Hastiada de tanto abuso, carente en su mayoría de elementos de juicio y, en algunos países, de marcos legales para ejercer su derecho a participar libremente en la elección de autoridades éticas y competentes, la ciudadanía se ve enfrentada, una y otra vez, a una maquinaria poderosa manejada desde las sombras por pequeños círculos de poder que le impiden avanzar. De ahí, que solo acude al consuelo de una esquiva esperanza: la esperanza por un futuro mejor; la esperanza por un cambio del cual no se atreve a participar; la esperanza por que suceda algo milagroso y los corruptos paren en prisión; la esperanza porque el cielo se abra y caiga el rayo sobre sus cabezas… esa esperanza.

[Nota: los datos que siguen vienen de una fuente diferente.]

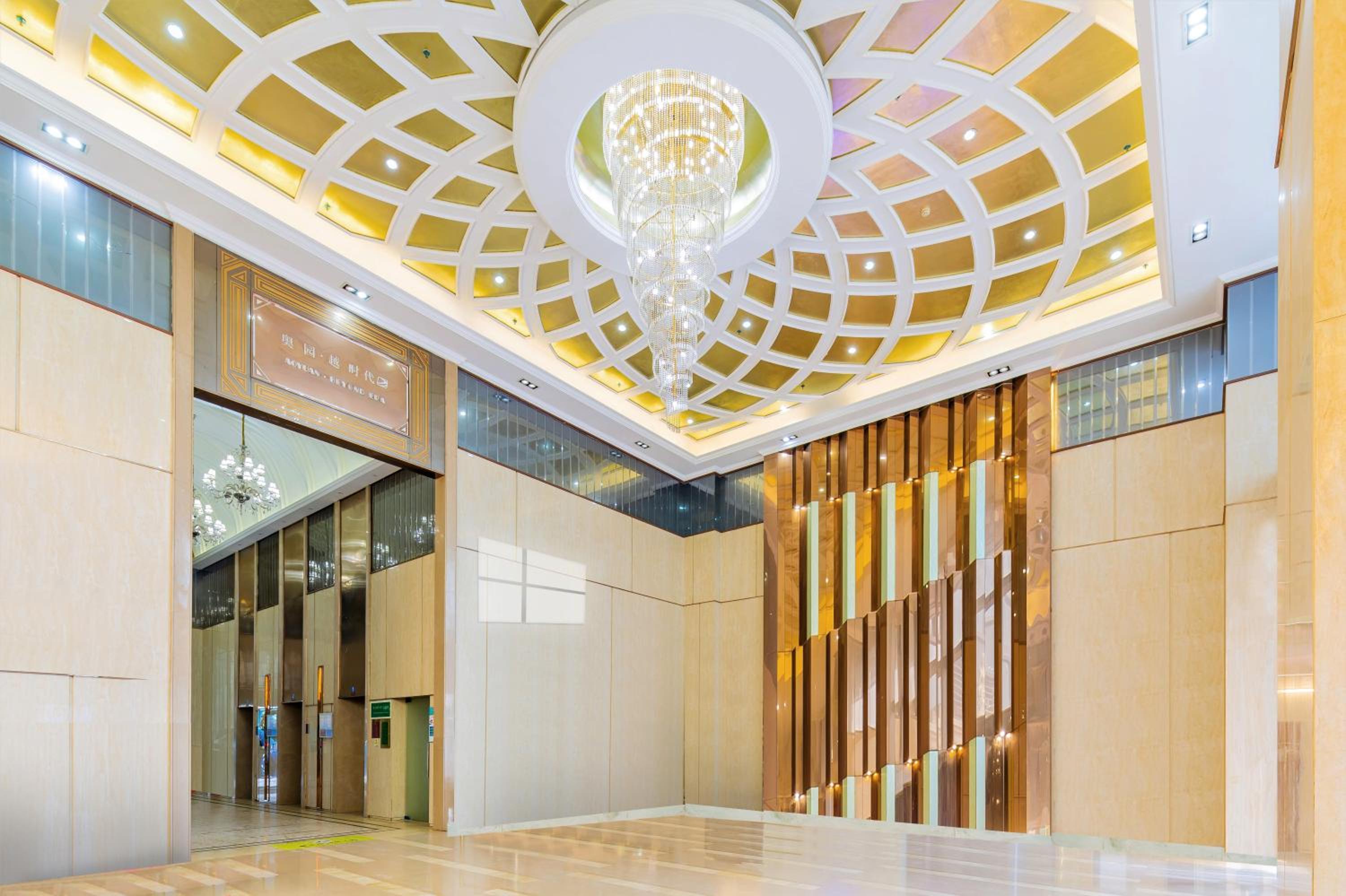 April Fair Duplex Apartment Guangzhou South Railway Station Ao Yuan Yue Shi Dai Branch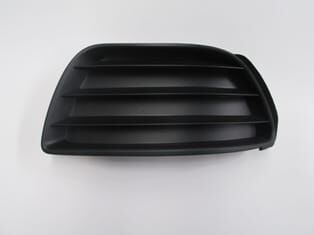 FIAT PUNTO- 03/06; SİS LAMBA KAPAĞI SAĞ SİYAH (SİS DELİKSİZ) (TYG)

Pero, como reza el dicho: “Hechos son amores y no buenas razones”, esas esperanzas necesitan acciones y esas acciones, sin la voluntad y la participación popular, jamás se harán realidad. Los pueblos latinoamericanos han perdido mucho espacio debido a su progresivo divorcio con el ejercicio de la política. Decepcionados, una y otra vez, se han alejado de algo tan esencial para la democracia como la organización partidista, único recurso para garantizar su incidencia en las decisiones que les competen. Por eso, precisamente, los grupos de poder las han desestructurado con maña, muy conscientes de que para reinar, es preciso dividir.

La democracia depende de la organización ciudadana.